Graham Kilmer
MKE County

Lincoln Creek Road-to-Trail Project Beginning

Parks department will convert roadway to bicycle and pedestrian trail.

By - Apr 30th, 2023 04:15 pm

Planed Lincoln Creek Parkway Conversion. Milwaukee County Parks.

Milwaukee County Parks is set to begin designing the conversion of just under half a mile of a street into a trail.

The plan is to convert 0.3 miles of the Lincoln Creek Parkway between N. 23rd Street and N. 27th Street. The project is funded through a county initiative that was called the “Fiscal Health Challenge.” Departments were asked to submit projects for funding out of the county’s federal American Rescue Plan Act (ARPA) allocation that would lead to long-term savings for the county.

If everything moves along on schedule, construction of the new trail should be completed by fall 2024.

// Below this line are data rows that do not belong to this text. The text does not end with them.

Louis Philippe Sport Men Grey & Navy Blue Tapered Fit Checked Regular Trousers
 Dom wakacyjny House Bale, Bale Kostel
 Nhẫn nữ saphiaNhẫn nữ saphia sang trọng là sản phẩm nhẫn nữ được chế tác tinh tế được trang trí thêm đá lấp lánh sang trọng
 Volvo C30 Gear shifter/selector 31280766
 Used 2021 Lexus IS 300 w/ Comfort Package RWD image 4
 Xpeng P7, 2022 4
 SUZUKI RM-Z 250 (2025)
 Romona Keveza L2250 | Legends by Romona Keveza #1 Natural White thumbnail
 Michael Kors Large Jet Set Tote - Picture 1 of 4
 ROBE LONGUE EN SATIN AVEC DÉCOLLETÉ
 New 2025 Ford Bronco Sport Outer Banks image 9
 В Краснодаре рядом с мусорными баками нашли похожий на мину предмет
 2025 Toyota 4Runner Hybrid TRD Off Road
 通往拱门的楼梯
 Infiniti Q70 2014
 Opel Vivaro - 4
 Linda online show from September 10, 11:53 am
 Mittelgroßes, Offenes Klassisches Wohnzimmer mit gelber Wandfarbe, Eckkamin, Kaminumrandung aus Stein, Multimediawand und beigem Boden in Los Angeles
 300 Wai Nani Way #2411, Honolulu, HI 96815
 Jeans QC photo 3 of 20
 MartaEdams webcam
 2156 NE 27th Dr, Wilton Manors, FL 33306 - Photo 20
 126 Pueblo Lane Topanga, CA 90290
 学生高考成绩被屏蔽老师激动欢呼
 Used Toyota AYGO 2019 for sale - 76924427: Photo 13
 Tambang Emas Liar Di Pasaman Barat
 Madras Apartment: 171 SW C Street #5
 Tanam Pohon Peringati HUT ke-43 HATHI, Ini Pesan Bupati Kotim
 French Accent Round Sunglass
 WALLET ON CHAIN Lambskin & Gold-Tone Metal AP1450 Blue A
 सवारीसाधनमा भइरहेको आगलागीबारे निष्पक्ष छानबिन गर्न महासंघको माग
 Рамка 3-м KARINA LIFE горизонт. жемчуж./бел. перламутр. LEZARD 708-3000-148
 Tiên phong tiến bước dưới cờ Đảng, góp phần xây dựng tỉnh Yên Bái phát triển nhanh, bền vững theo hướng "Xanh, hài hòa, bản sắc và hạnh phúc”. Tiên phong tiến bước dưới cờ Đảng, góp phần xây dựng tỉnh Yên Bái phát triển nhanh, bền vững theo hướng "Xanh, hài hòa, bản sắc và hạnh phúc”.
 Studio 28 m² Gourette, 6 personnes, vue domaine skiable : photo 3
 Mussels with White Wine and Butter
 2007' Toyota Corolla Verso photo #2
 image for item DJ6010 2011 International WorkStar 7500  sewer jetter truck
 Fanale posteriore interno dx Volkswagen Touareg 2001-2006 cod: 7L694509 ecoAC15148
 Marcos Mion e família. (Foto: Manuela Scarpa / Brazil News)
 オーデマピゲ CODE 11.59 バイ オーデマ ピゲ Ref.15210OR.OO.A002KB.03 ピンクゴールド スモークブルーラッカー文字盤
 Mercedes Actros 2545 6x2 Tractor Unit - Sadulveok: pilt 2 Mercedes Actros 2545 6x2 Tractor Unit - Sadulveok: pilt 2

Trails are much cheaper to maintain and replace than roadways. The total budget for the project, including design and construction, is approximately $700,000. The Parks department estimates that the trail, which should last at least 25 years, will save on average $12,000 a year in maintenance costs. “It’s a parkway that would otherwise be multi-multi-million dollars on our capital program to rebuild as a roadway,” deputy parks director James Tarantino told the County board’s Committee on Parks and Culture in 2022.

Funding for the Lincoln Creek Parkway project was tied to another parkway conversion. The spending package included approximately $1.6 million for the conversion of nearly one mile of the Little Menomonee Parkway to a mixed-use trail.

The Lincoln Creek Parkway, particularly this section, functions as a redundant roadway. It does not add anything to the street network that doesn’t exist elsewhere. It also does not provide driveway access for any of the nearby homes. The parkway is also already used as a connection to the Oak Leaf Trail system.

The redundant nature of the roadway also means that it’s frequently used as a “short cut” and parks staff have heard complaints and witnessed reckless driving along the parkway.

This project is one piece of a larger effort by Parks to reduce the amount of paved surface in the system. The department has already converted other roadways in Greenfield Park and along Underwood Parkway. The overarching idea is for the department to “focus on parks for people, not parks for cars,” Tarantino said in February while discussing the Jackson Park Drive parkway-to-trail project.

For the Jackson Park project, the county faced significant opposition from some members of the surrounding neighborhood concerned about losing vehicle access along the section planned for conversion, and concern that a bicycle and pedestrian path would increase crime in the neighborhood. Jackson Park Drive is nearly 20 years overdue for resurfacing, and Parks planned to rebuild it as a trailway to reduce future maintenance costs.

The parks system has a nearly $500 million backlog of maintenance and infrastructure projects. In order to keep up with the parks system’s infrastructure needs, the county would have to dedicate nearly 100% of the money it borrows for infrastructure projects every year just to parks.

While removing roadways designed for vehicles has and will continue to receive pushback, there is a large constituency for projects that pedestrianize streets. Supervisor Sheldon Wasserman polled his district on the future of Ravine Road, which runs underneath the recently restored Historic Ravine Road Bridge, and found there was significant support for (80%) some type of roadway that favors pedestrians and bicyclists.

2 thoughts on “MKE County: Lincoln Creek Road-to-Trail Project Beginning”

  1. DanRyan86 says:

    I like this new approach the parks system is taking to reducing costs by replacing underused or redundant roads with multiuse trails where possible. Frankly, it’s pretty clever and shows a solid commitment by the county parks to be efficient with their money where possible and to reduce their annual obligations for maintenance. This is good public service.

  2. mkwagner says:

    Whenever there is a change to streetscapes, complaints concerning increasing crime surface. These complaints have less to do with crime and much to do with fear of change. We do so much to nurture fear instead of community. As a result we pay for it with increased mental health issues, isolation, and violence.